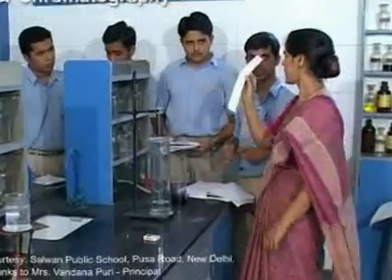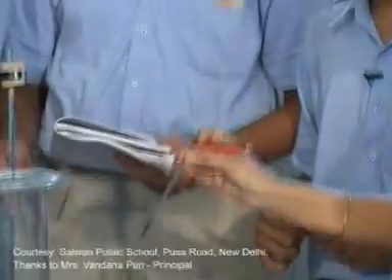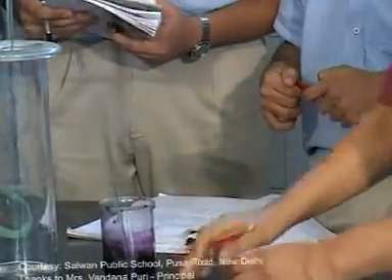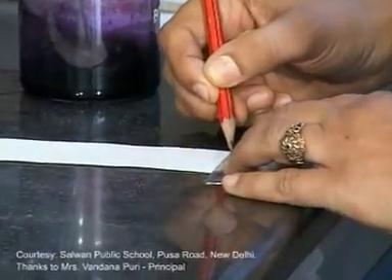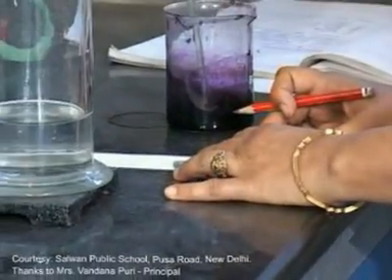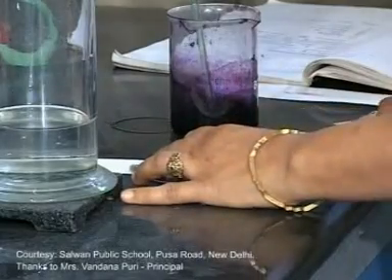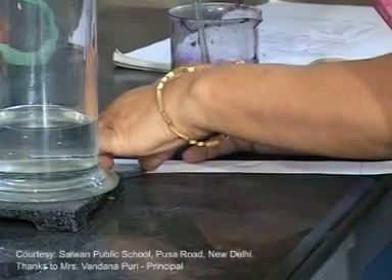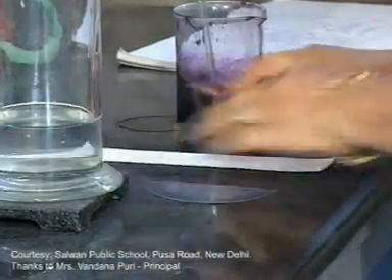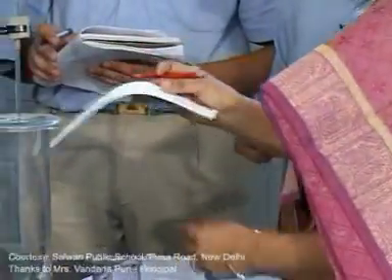This is your Whatman filter paper number one, a beaker, a fine capillary tube, and a pencil. Let's draw a horizontal line four centimeters from the base. Then draw another vertical line from the center of the horizontal line, which will divide the paper exactly into two halves. The point where the two lines meet, let's name it O.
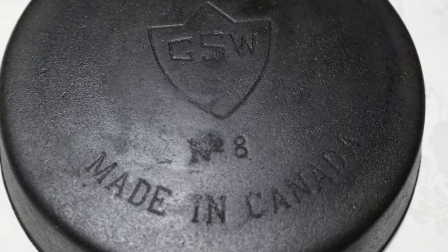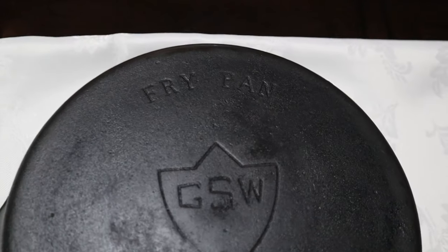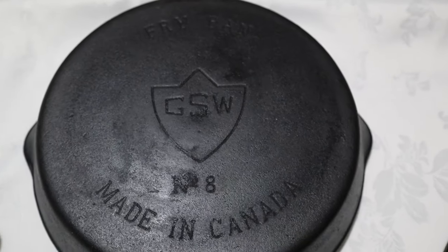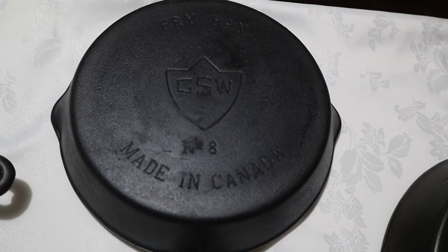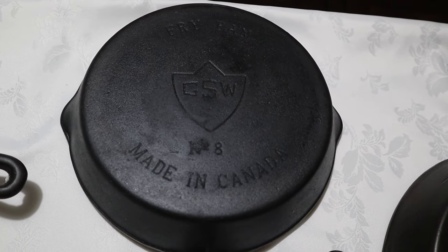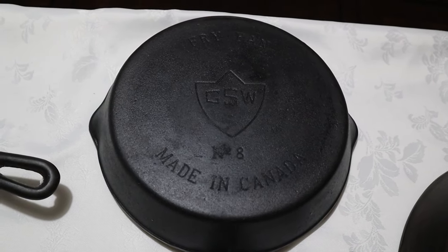This is my GSW number eight made in Canada, and I believe this one was made somewhere around 1927. GSW stands for General Steel Wares, which I think was located in Toronto, and it was formed in 1927 by the merger of McClary's and five other manufacturing companies.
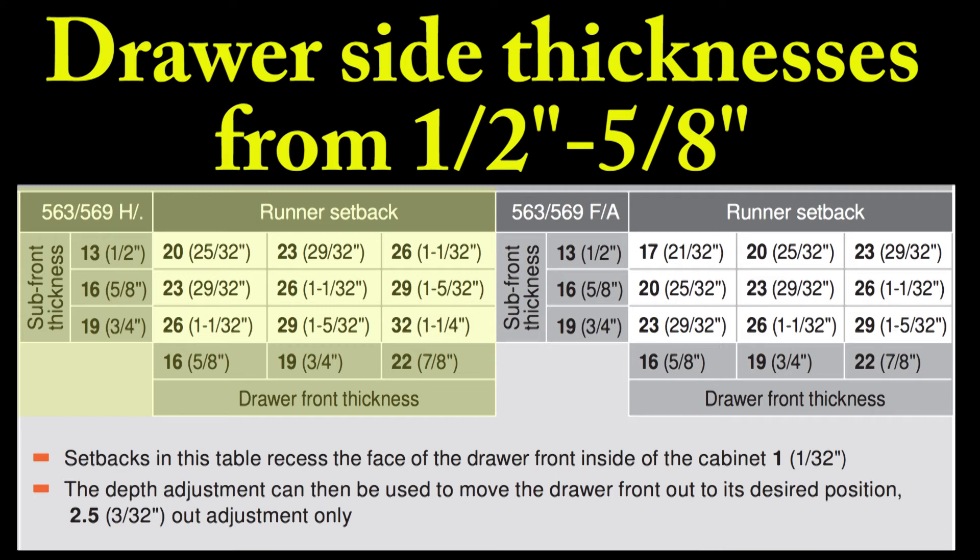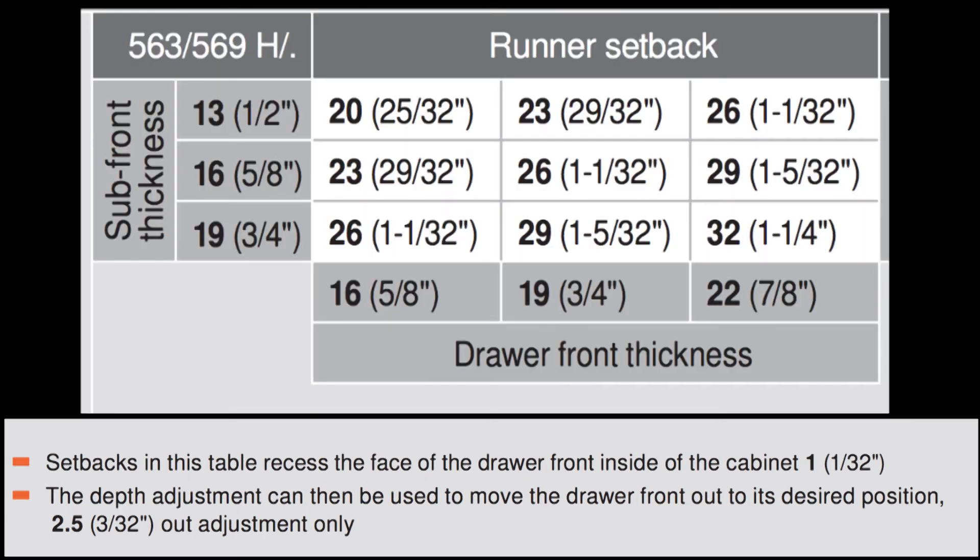Let's zoom into the yellow portion of this chart and use it as an example. Starting with a sub-front thickness: we'll highlight that row of figures assuming a sub-front thickness of five-eighths inch material, or 16 millimeters. Now let's highlight a row representing a drawer front thickness of three-quarters of an inch. Where the two lines intersect in the chart is the runner setback for the drawer runner you chose — and that would be a 26 millimeter setback.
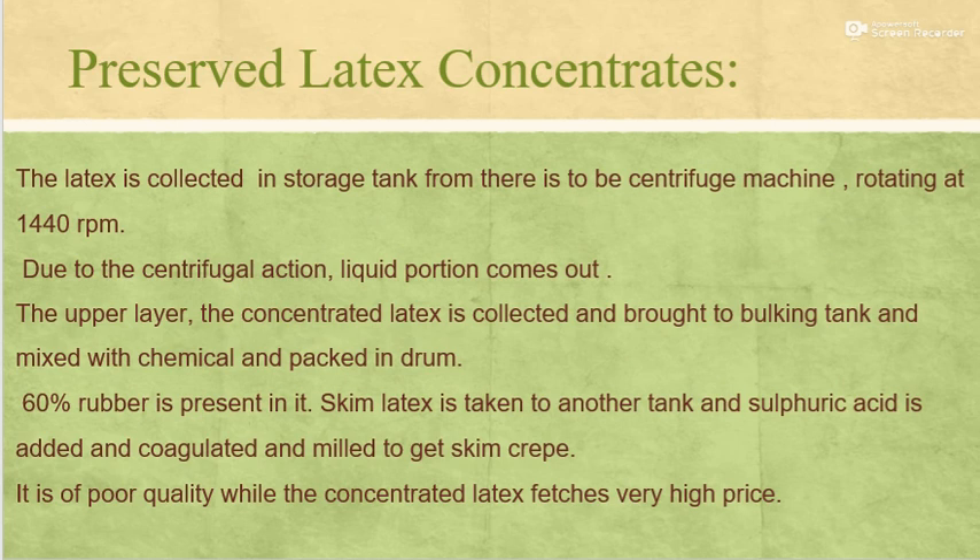Preserved latex concentrates: The latex is collected in a storage tank and fed to a centrifuge machine rotating at 1440 RPM. Due to the centrifugal action, the liquid portion comes out. The upper layer of concentrated latex is collected, brought to a bulking tank, mixed with chemicals and packed in drums — 60% rubber is present in it. Skim latex is taken to another tank, sulfuric acid is added, and it is coagulated and milled to get skim crepe. It is of poor quality, while the concentrated latex commands a very high price in the market.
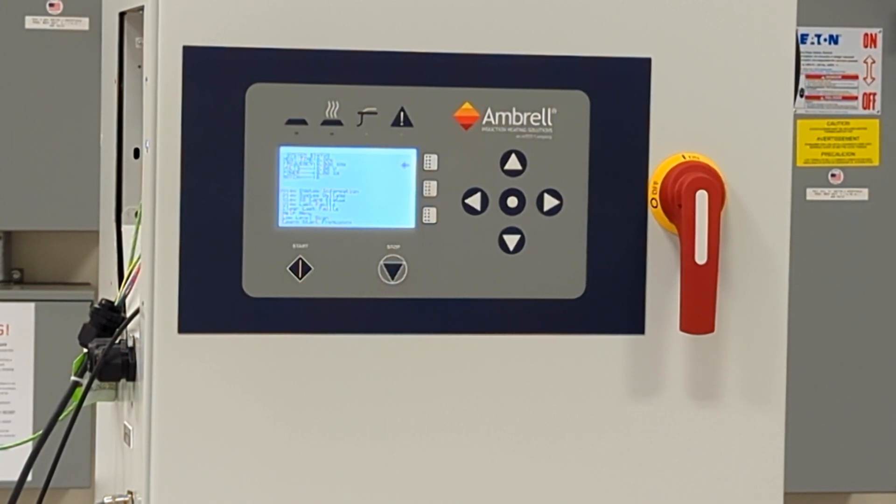The low-level scan and the learn start frequency features perform roughly the same function, but the low-level scan does it in much more detail. Generally speaking, we recommend trying a learn start frequency test first.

ABOUT THIS TASK:
Return exactly the lines from the line with "Let's zoom into" through the last line of the data above, both included; pictures do not go in the answer.

TASK RESULT:
Let's zoom into the yellow portion of this chart and use it as an example. Starting with a sub-front thickness: we'll highlight that row of figures assuming a sub-front thickness of five-eighths inch material, or 16 millimeters. Now let's highlight a row representing a drawer front thickness of three-quarters of an inch. Where the two lines intersect in the chart is the runner setback for the drawer runner you chose — and that would be a 26 millimeter setback.
Preserved latex concentrates: The latex is collected in a storage tank and fed to a centrifuge machine rotating at 1440 RPM. Due to the centrifugal action, the liquid portion comes out. The upper layer of concentrated latex is collected, brought to a bulking tank, mixed with chemicals and packed in drums — 60% rubber is present in it. Skim latex is taken to another tank, sulfuric acid is added, and it is coagulated and milled to get skim crepe. It is of poor quality, while the concentrated latex commands a very high price in the market.
The low-level scan and the learn start frequency features perform roughly the same function, but the low-level scan does it in much more detail. Generally speaking, we recommend trying a learn start frequency test first.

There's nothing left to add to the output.